Asparagus, officially known as Asparagus officinalis, is a member of the lily family. This popular spring vegetable comes in a variety of colors, including green, white and purple, and it is used in dishes around the world, including frittatas, pastas, and stir-fries.
Asparagus is also low in calories and packed with essential vitamins, minerals, and antioxidants. These nutrients are good for your cells, heart, and digestive system.
Reasons to Eat Asparagus
1. Nutrient Dense
Asparagus is low in calories but boasts an impressive nutrient profile. In fact one half-cup (90 grams) of cooked asparagus contains:
- Calories: 20
- Protein: 2.2 grams
- Fat: 0.2 grams
- Fiber: 1.8 grams
- Vitamin C: 12% of the RDI
- Vitamin A: 18% of the RDI
- Vitamin K: 57% of the RDI
- Folate: 34% of the RDI
- Potassium: 6% of the RDI
- Phosphorous: 5% of the RDI
- Vitamin E: 7% of the RDI
Asparagus also contains small amounts of iron, zinc, and riboflavin.
2. Packed with Antioxidants
Asparagus is packed with antioxidants, including vitamin E, vitamin C and glutathione, as well as various flavonoids and polyphenols. Antioxidants prevent the accumulation of harmful free radicals and may reduce your risk of chronic diseases like cancer and cardiovascular disease.
3. Improves Gut Health
Asparagus contains both insoluble and soluble fiber. The insoluble fiber adds bulk to stool and promotes regularity. The soluble fiber (inulin) forms a gel-like substance in the digestive tract and feeds the friendly bacteria. Increasing the number of these beneficial bacteria plays a role in strengthening the immune system and producing essential nutrients like vitamins B12 and K2.
4. Helps with Weight Loss
Asparagus is about 94% water. It is also low in calories and rich in fiber. Research suggests that consuming low-calorie, water-rich foods is associated with weight loss.

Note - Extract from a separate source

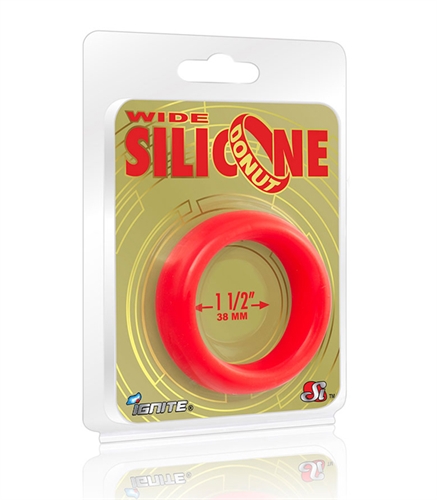wide silicone donut red 1.5 inch diameter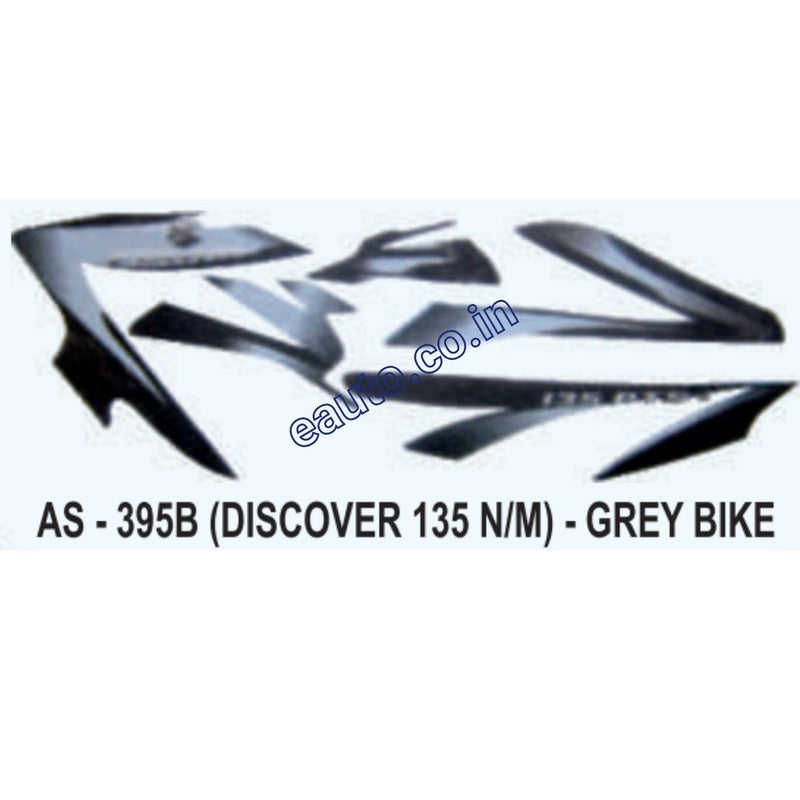Graphics Sticker Set for Bajaj Discover 135 | New Model | Grey Vehicle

Dietary fiber has also been linked to lower body weight and weight loss.
5. Lowers Blood Pressure
Because it’s a good source of potassium, asparagus may help counteract the effects of sodium in your diet to promote healthy blood pressure. A cup of cooked asparagus contains 400 mg of potassium.
6. Boosts Immune System
The vitamin E in asparagus strengthens your immune system and protects your cells from the harmful effects of free radicals. Since it is a fat-soluble vitamin, it is best to consume it with a healthy fat, like olive oil.
7. Fights Cancer
Asparagus is a rich source of glutathione, which is a detoxifying compound that helps break down carcinogens and other harmful compounds like free radicals. This is why asparagus may help in the fight against various forms of cancer.
8. Boosts Mood
Asparagus is replete with folate, a B vitamin that can lift your spirits and ward off irritability. Researchers have found a link between low levels of both folate and vitamin B12 in people who are suffering from depression. Asparagus also contains tryptophan, an amino acid which has been similarly linked to improved mood.
Ways to Enjoy Asparagus
- Eggs: Add sliced asparagus to your omelet or frittata for a healthy breakfast or brunch.
- Sautéed: Slice asparagus and sauté them with seasonings of your choice in extra virgin olive oil for a delicious side dish.
- Roasted: Toss asparagus spears with olive oil to lightly coat and oven-roast till browned and tender for a side dish full of depth and flavor.
- Pasta salads: Stir sautéed asparagus into a pasta salad.
- Soups and stews: Add sliced asparagus to your favorite soup or stew at the end and simmer for just a few minutes until tender.